Only by talking about different kinds of families can we expect future generations to be inclusive and open-minded. For instance, in American writer A.M. Holmes’ debut novel Jack (which she penned in 1989 at the tender age of just 19), she portrays a teenager who wants nothing more than to be normal, even if being normal means having divorced parents and a strange best friend. But, as the blurb reads, ‘when Jack’s father takes him out in a rowboat on Lake Watchmayoyo and tells his son he’s gay, nothing will ever be normal again.’ Ouch. Yet, out of Jack’s struggle to come to terms with his father’s news, Holmes – an organically intelligent writer – offers a story about a young boy searching to redefine what ‘family’ means. It’s quite something, and Jack, or something like it, would surely have benefited me if it had been made more readily available growing up. What’s more, there is a plethora of books capable of achieving the same effect as Holmes’. Sadly, the nearest thing we had to to Jack was The Animals of Farthing Wood. As it was, I didn’t read Jack until 2006. I missed its – or something like its – presence.
After all, as Stonewall’s report suggests, the national curriculum aims to help children be successful learners, confident individuals and responsible citizens; but only by talking about different families can these aims be achieved. Explaining to our children that there isn’t much of a difference between, say, families with adopted children, children with only one parent, children with a mum and dad, or two dads, or two mums, is the only way to help them become more respectful, interested and open about the differences around them.

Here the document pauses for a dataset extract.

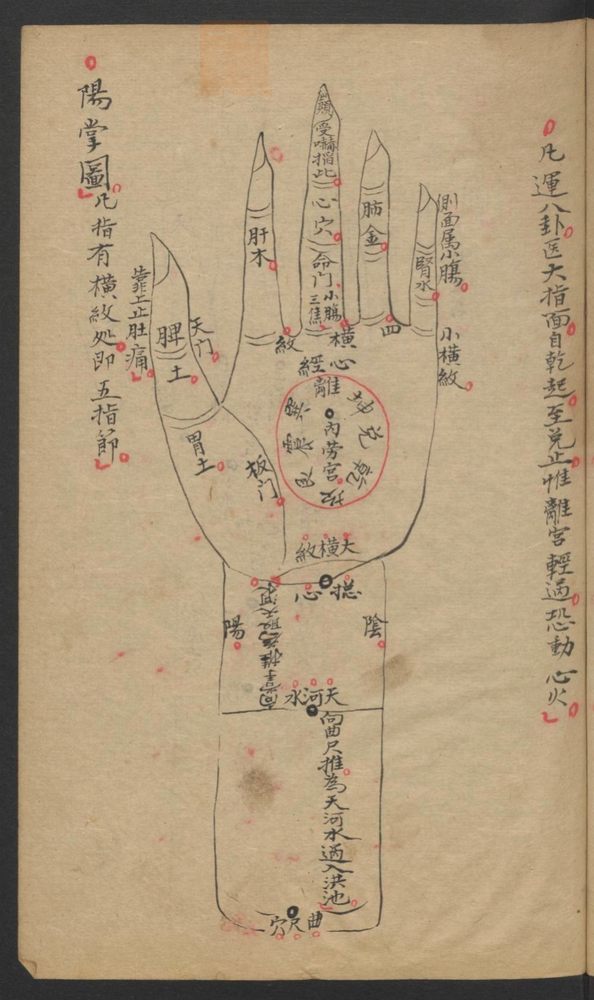 图本小儿科金鉴(第87页)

Only through these conversations can we expect future generations to be inclusive and open-minded. Only if they are engaged in the discussion, find their family experiences reflected and dicussed in the classroom can they grow in confidence and feel included. ‘After all, there have always been alternative families, whether they be gay couples, grandparents or single-parents raising children,’ notes Tranfield. ‘Children have been raised successfully for many, many years in different family units. The important thing is changing people’s perception to these differences, which will only benefit any child growing up within an “alternative family”.’
Or, perhaps, this argument is best summed up with one word: love. As Stonewall’s own poster-girl Alice, aged 7, who has two gay mums, explains, ‘Everybody loves each other in my family and we always care for each other and watch out for each other.’ And that says it all, really, doesn’t it? Bening and Moore, or no Bening and Moore.